Чувственно-аффективный субъект, вписанный в среду, лучше соответствовал новой картине целого. Синхронно появился неведомый ранее европейскому сознанию принцип историзма, и скоро будет сформулирована его предельная ценность – прогресс. Рождение историзма во многом обессмыслило ста­рый идеал природы. Процесс становления перестал быть несо­вершенным полуфабрикатом по отношению к вечному бытию. Природа сама становится частью универсума, в котором происходит историческое становление. Но самое главное – становление предполагает свою первичность по отношению к любому ставшему, и это открывает горизонты интуиции культуры. Ведь полиморфизм культуры в ее историческом измерении означает, что единичное и особенное явление самоценно в своей конкретности как символическое выражение абсолюта, что универсум плюралистичен, что каждый момент исторического неповторим и заслуживает памяти и запечатления.
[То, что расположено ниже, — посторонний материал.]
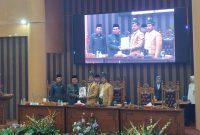 (Metrokalsel.co.id/Man Hidayat) Penyerahan Dokumen RAPBD Perubahan Tahun 2023 Kabupaten Tanah Bumbu, Kalimantan Selatan, Rabu (16/8/2023).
В XVIII в. был открыт естественный плюрализм культур: географическая экспансия Европы, колониализм, миссионерство, археологические раскопки – все это обнаружило не «варварские», как полагали ранее, но именно альтернативные культуры. В соединении с руссоистскими разочарованиями это приводит к отрицанию однонаправленного развития цивилизации. Предметом интереса становится инокультурное: появляются «готические» и «восточные» мотивы в литературе и живописи; понемногу восстанавливается уважение к мифу. Проявляется интерес к национальной самобытности, к фольклору. Пока это происходит в таких спокойных формах, как плодотворный интерес к «особенному», не растворившемуся во «всеобщем», что обогащает плюральное представление о культуре. Но Гёте уже видит в этой тенденции некую угрозу и развивает (в полемике со штюрмерством и ранним романтизмом) контрмотив: рассуждения о «мировой литературе» и «мировой культуре».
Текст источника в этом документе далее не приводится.